Dass nun kein Ostdeutscher mehr auf dem Olymp der Sozialdemokratie
hockt, könnte die Partei 18 Jahre nach dem Fall der Mauer vielleicht
verkraften. Wenn da nicht die Linkspartei wäre, die sich nun über
Becks strategischen Patzer wie Bolle freuen darf. Ausgerechnet dort,
wo die SPD von den aufstrebenden Linkspopulisten am stärksten bedroht
ist, wird die Partei-Spitze in Zukunft nicht mehr so genau
hinschauen. Anders als von Bullerjahn pflichtschuldig und demütig
behauptet, ist das angeblich aufgewertete Ost-Forum der SPD kein
gleichwertiger Ersatz für den verlorenen Vize-Posten. Im Forum sind
Ost-Politiker unter sich, wirken im Stuhlkreis, aber kaum
gesamtdeutsch. Wenn Bullerjahn schönfärberisch hervorhebt, man sei in
den SPD-Gremien übereingekommen, den Aufbau-Ost besonders in den
westlichen Landesverbänden besser zu kommunizieren, dann darf man
angesichts der wachsenden Klagen dort über Ost-Subventionen auf
konkrete Ergebnisse gespannt sein.
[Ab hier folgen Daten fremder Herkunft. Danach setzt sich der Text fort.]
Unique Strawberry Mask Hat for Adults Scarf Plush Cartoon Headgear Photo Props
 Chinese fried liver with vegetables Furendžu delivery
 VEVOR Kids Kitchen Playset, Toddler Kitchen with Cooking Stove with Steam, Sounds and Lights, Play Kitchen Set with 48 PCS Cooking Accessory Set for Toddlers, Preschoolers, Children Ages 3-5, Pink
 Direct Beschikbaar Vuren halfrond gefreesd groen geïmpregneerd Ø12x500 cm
In Becks SPD haben die
Bullerjahns, Matschies, Tiefensees und Jurks weniger Einfluss denn
je.
Auch nach der Neusortierung der Spitze bleibt Becks SPD eingeklemmt
im parteipolitischen Schraubstock. Linksaußen drückt die Linkspartei,
von der Mitte rückt die Merkel-CDU bei gleichzeitiger Verwirrung
bürgerlicher Wählerschichten ebenfalls nach links. Zudem spürt die
SPD-Basis die große Koalition als Mühlstein am Fußgelenk. Rot-grüne
Retro-Phantasien, beflügelt vom Bremer Koalitionswechsel, greifen um
sich, während Beck vorerst vor einem Koalitionsbruch zurückschreckt.
Aus diesem Dilemma kann sich die SPD nur befreien, wenn sie einen
schmerzlosen Fluchtweg aus der großen Koalition findet und wieder den
Chefsessel im Kanzleramt besetzen kann. Dass sie nach den nächsten
Wahlen stärker als die CDU sein könnte, ist derzeit äußerst ungewiss.
Gleichzeitig weisen Wahlergebnisse und Umfragen auf eine strukturelle
linke Mehrheit in Deutschland. Das ist die ständige Versuchung der
SPD, gebremst derzeit fast nur noch von einem ehemaligen
Sozialdemokraten: dem Fundamental-Populisten Oskar Lafontaine.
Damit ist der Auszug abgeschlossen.